Choco, PB & Oat Bars
2 1/2 cups quick oats
1 cup shredded unsweetened coconut
1/2 cup coconut sugar or brown sugar
1/2 cup coconut cream, skimmed from the top of a can of full-fat coconut milk
1/2 cup butter or Earth Balance for non-dairy version
1 teaspoon vanilla extract
1/8 teaspoon sea salt
1 cup semi-sweet chocolate chips
1/2 cup peanut butter – Conventional or natural
Lightly grease the bottom of a 9×9 inch square glass baking dish. Line with parchment paper so edges come up over the sides and set aside.
In a medium saucepan over medium-low heat, melt butter. Slowly stir in coconut cream, coconut sugar or brown sugar, vanilla and sea salt. Continue until all the sugar has dissolved.

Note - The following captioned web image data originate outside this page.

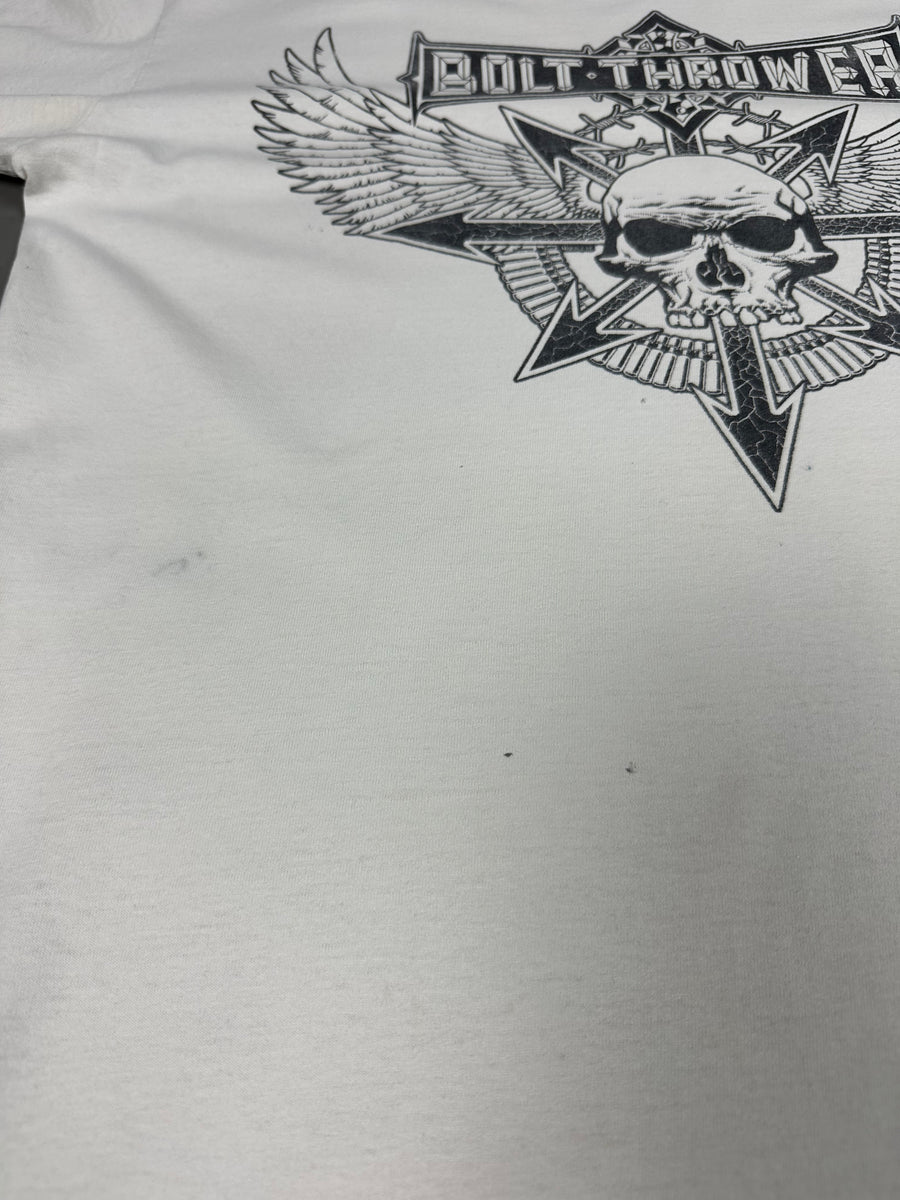 Bolt Thrower 2000s In A World Of Compromise T-Shirt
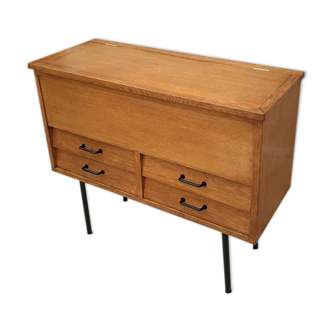 Vintage chest chest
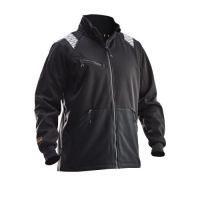 1191 Jas windblocker zwart,l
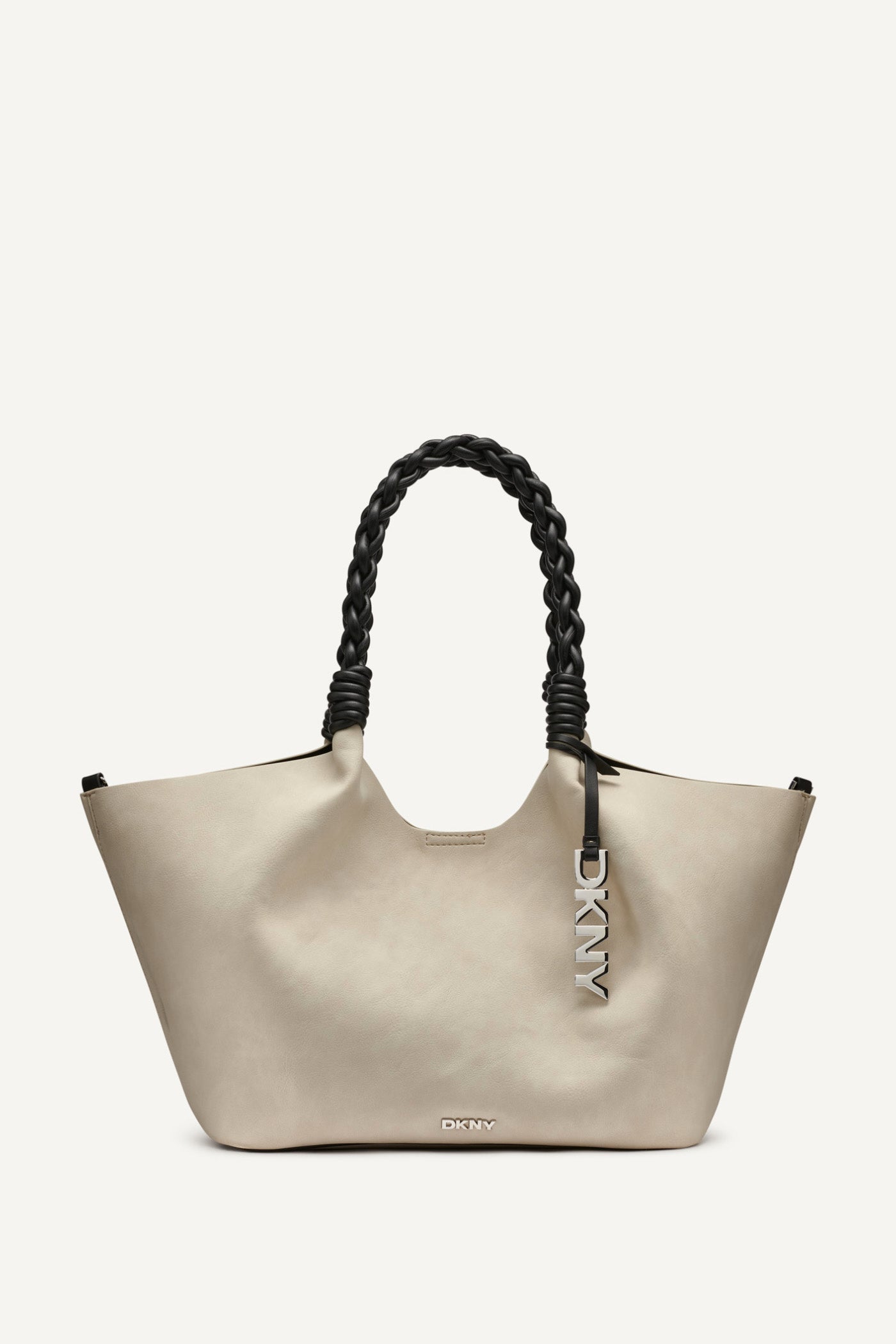 Paula Medium Tote (Light Taupe)
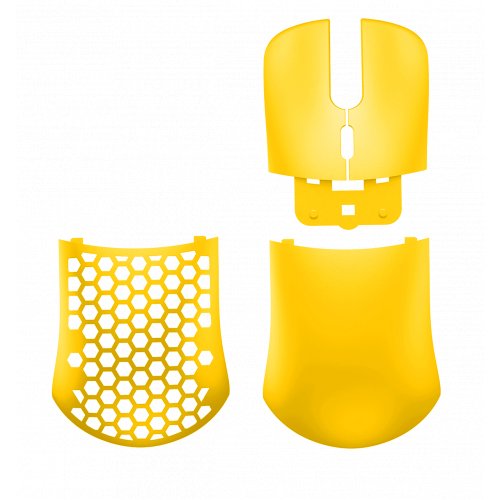 Devo Lit Two Mouse Cover (separated color ) - Level UpDevoPC Accessories6084014210994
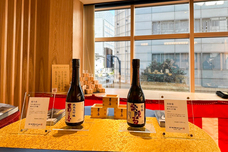 菊乃香酒造 銀座店のプレスリリース画像3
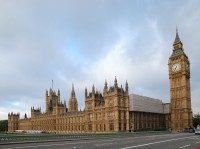 Londýn - Parlament a Big Ben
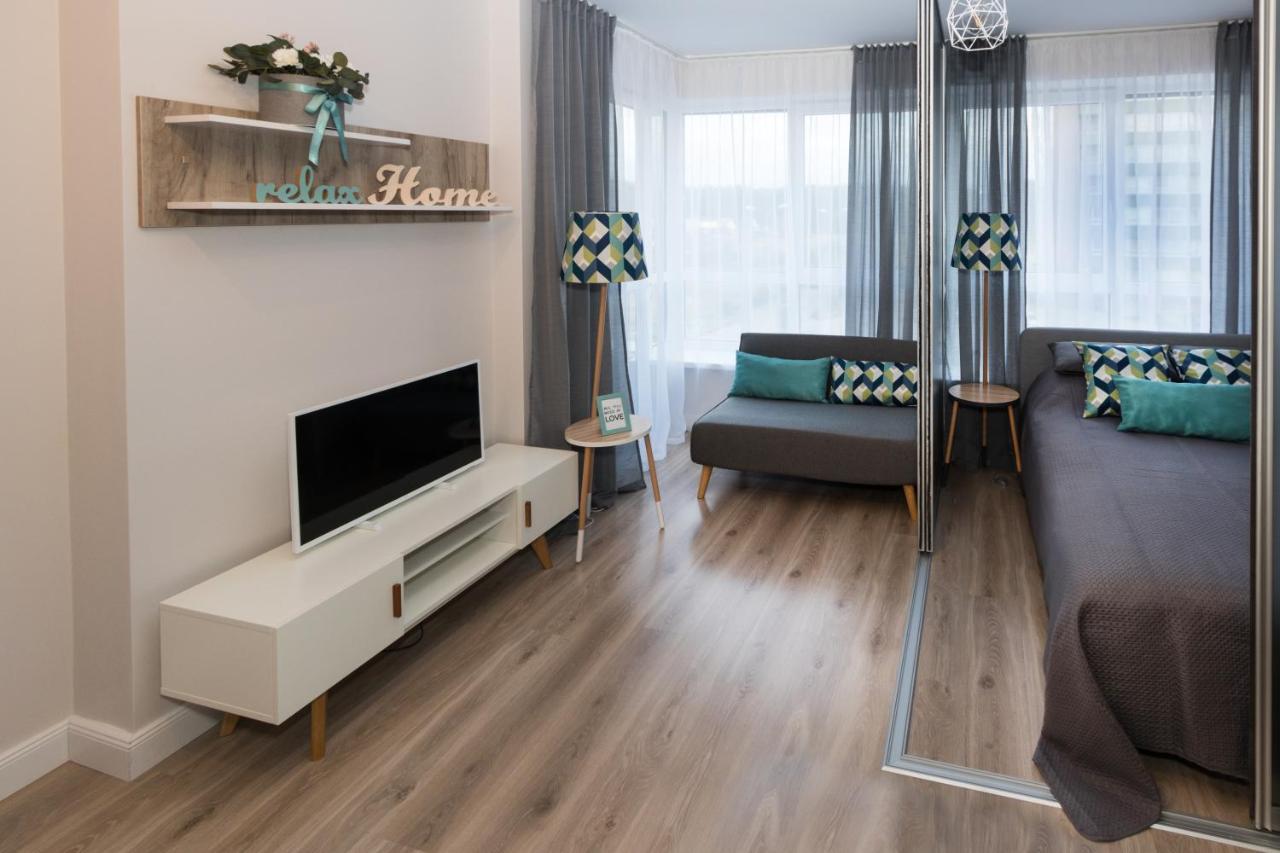 Relax Apartments Near Egle Druskininkai Bagian luar foto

Lower heat and mix in the quick oats and shredded coconut. Cook for 2 to 3 minutes, stirring frequently. Remove from heat.
Press half of oat mixture into the bottom of the prepared parchment-lined dish. Set aside the other half of the oat mixture for the topping.
Melt chocolate chips and peanut butter in a double boiler or heavy pot over low heat, stirring frequently until well combined. Pour the chocolate/peanut butter over the oat mixture in the pan, and spread evenly.
Using your hands, crumble the remaining oat mixture evenly over the chocolate/peanut butter layer. Refrigerate for 3 hours or overnight. Bring to room temperature before cutting into bars.
Store in an airtight container in the fridge for up to a week, or in the freezer for up to a month.